Fig. 5: Illustration of the rule how to select whether to use linear ordination methods (like PCA or RDA) or unimodal (CA, DCA or CCA) on the data. The upper diagram shows a simulated community structured by a single environmental gradient, with a number of species response curves. The diagram below shows the relationship between the length of the gradient sampled in the simulated community on the //x/-axis (in arbitrary units), and length of the first DCA ordination axis (in units of S.D.). The dataset which according to DCA is rather homogeneous (< 3 S.D.) has environmental gradient up to 2000 units long; the longer gradient results into a heterogeneous dataset for which linear methods are not suitable.

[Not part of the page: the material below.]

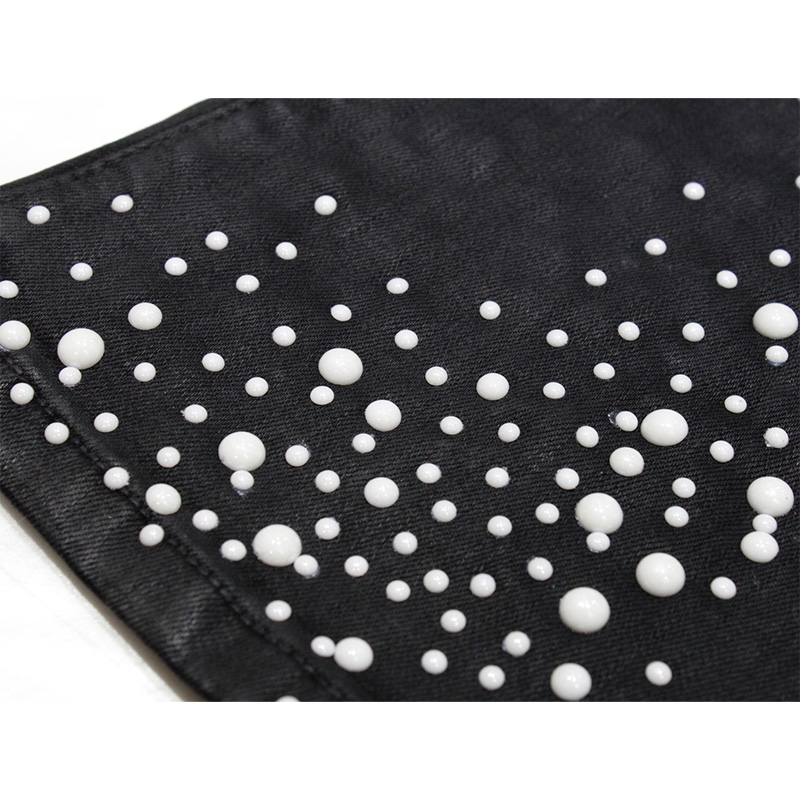 OBSIDIAN BLACK PEARLS DENIM -BLACK-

### Summary: Three alternative approaches for ordination

The schemas below show the three alternative approaches you can use for the ordination of community ecology data, for either unconstrained or constrained ordination (Figure 6). It does not make much sense to combine individual approaches within the same type of ordination. For example, you can decide to analyze your data by either a) PCA/CA methods (depending on whether community composition data are homogeneous or heterogeneous), or b) transformation-based PCA (i.e. by pre-transforming your species composition data, e.g. by Hellinger standardization, and then using PCA; here doesn't matter whether community composition data are homogeneous or heterogeneous), or c) by distance-based approaches like PCoA or NMDS. But it often does not make much sense to combine these approaches. For example, if you decide for approach a) above (PCA or CA), but in the case that you select PCA (since you concluded, e.g. by using preanalysis by DCA, that your data are reasonably homogeneous and you thus don't have to face double-zero problem), you also apply Hellinger standardization on your community composition data - in this case, you, in the end, opt for approach b) above, and you didn't need to check the heterogeneity of compositional data at all.

Fig. 6: Three alternative approaches to unconstrained (above) and constrained (below) ordination analysis. From Legendre & Legendre (2012), slightly modified by D. Zelený.

1)
Oposite opinion, however, was presented by Minchin & Rennie at the ESA conference in 2010.
2)
Distance measure used in PCoA and db-RDA must be Euclidean, i.e. it must obey triangle inequality principle, otherwise it will produce negative eigenvalues, which in db-RDA may result in unrealistically high explained variation.